Three Models Of Love

I think implicitly there are three models of love:

Model 1: you can be equally happy with a very wide range of people – you just need to spend time and grow together.

I promised myself I would redo these graphs before sending, but you are reading this sentence so clearly I failed to do that.

I think this is the implicit model behind arranged marriages: as long as you pick someone within the (large) pool of people you're basically compatible with it doesn't really matter who it is, you should just settle down with the first reasonable match you get and then do the work of growing to love each other.


Model 2: there's a normal-ish distribution of how happy you'll be with different people: some people you'd be very unhappy with, many people you'd be vaguely-ok with, some people you'd be very happy with.

With a normal distribution the tails are very light. Imagine lining up 100 people in a row from the person least-compatible to most-compatible with you. The amount of benefit you get from going from the 50th-best person to the 20th-best is the same as the benefit of going from the 20th-best to the 5th-best, and the same as going from the 5th-best to the 2nd-best (roughly).

But the difficulty of getting that improvement increases each time: it's 2.5x harder to find the 20th best than the 50th best, and 4x harder to find the 5th best than the 20th best, and 8x harder to find the 2nd best than the 5th best.
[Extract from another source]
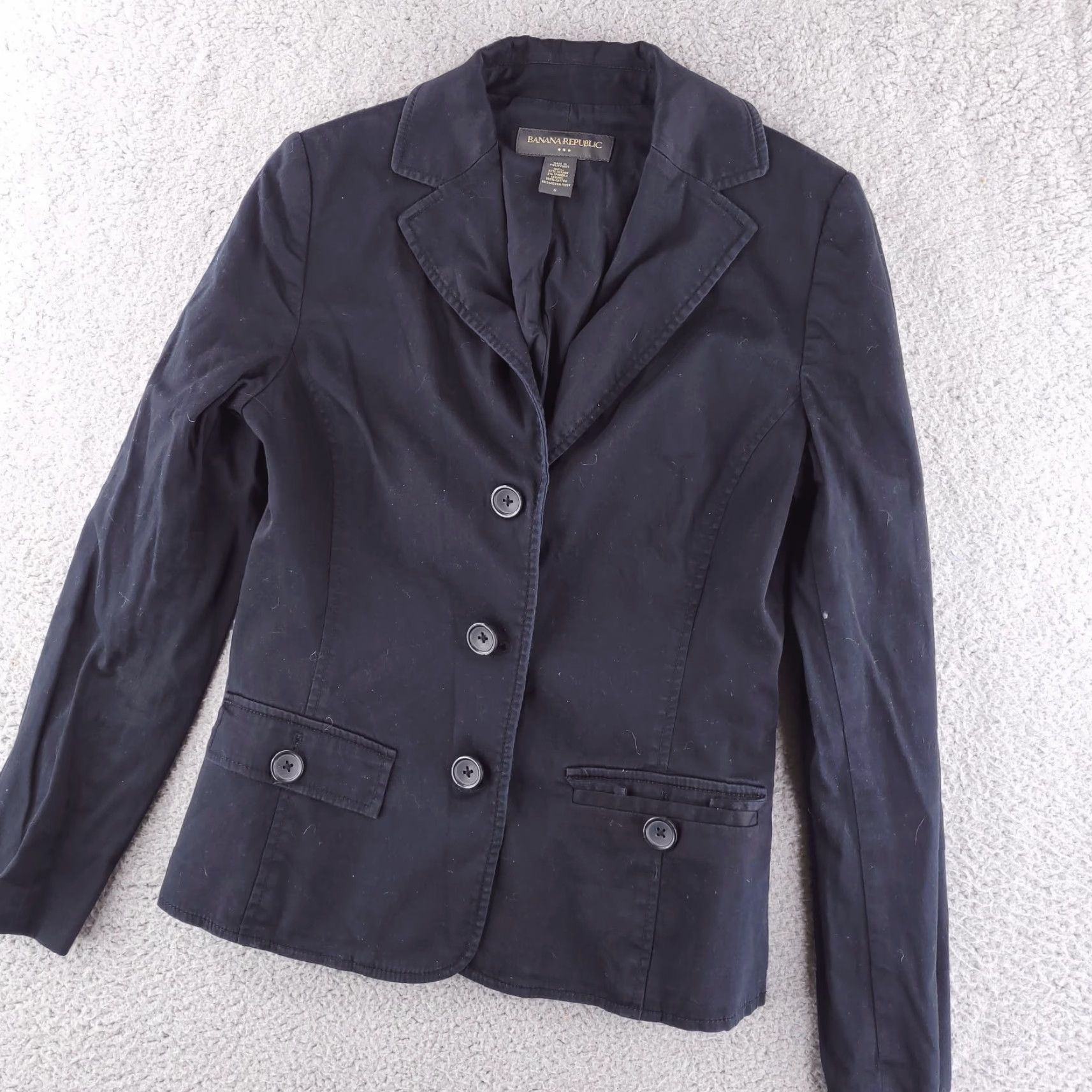 Banana Republic Banana Republic Jacket Womens Small Black Pea Coat Military Size S / US 4 / IT 40 - 2 Thumbnail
Unlike the first model, it doesn't make sense to marry the first random person you meet: you really will be happier with your 5th-best person than your 20th-best. But if you're already dating your 5th-best, is it really worth holding out to find your 2nd-best? It depends on your values but I would argue "probably not", given the search costs and the risk of ending up alone.

I think this is, ultimately, the model that most modern WEIRDos have about dating, but would be interested to hear if you think otherwise.
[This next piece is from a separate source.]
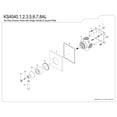 thumbnail image 3 of Kingston Brass KS4045AL Restoration Single-Handle Six-Way Diverter Valve with Square Trim Kit, Oil Rubbed Bronze, 3 of 4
Model 3: There's an extremely fat-tailed distribution of how happy you'll be with different people: the best person for you is meaningfully better than even the second-best person, let alone the 5th-best.

This is the "soulmate" or "one true love" model of relationships. Depending on the numbers, it probably does imply that even if you're currently dating the 2nd-best person for you, it can be worth the trouble to break up and keep searching for the 1st-best, because the happiness that awaits you is beyond comprehension.


The three models have very meaningful implications for how you should live your dating life: from "marry the first person you meet within the top half-ish of your distribution" to "probably hold out for someone 90th percentile or above, but don't fret about getting 99th" to "it is actually very important whether you marry your 99th percentile or 99.9999th percentile person, good luck!"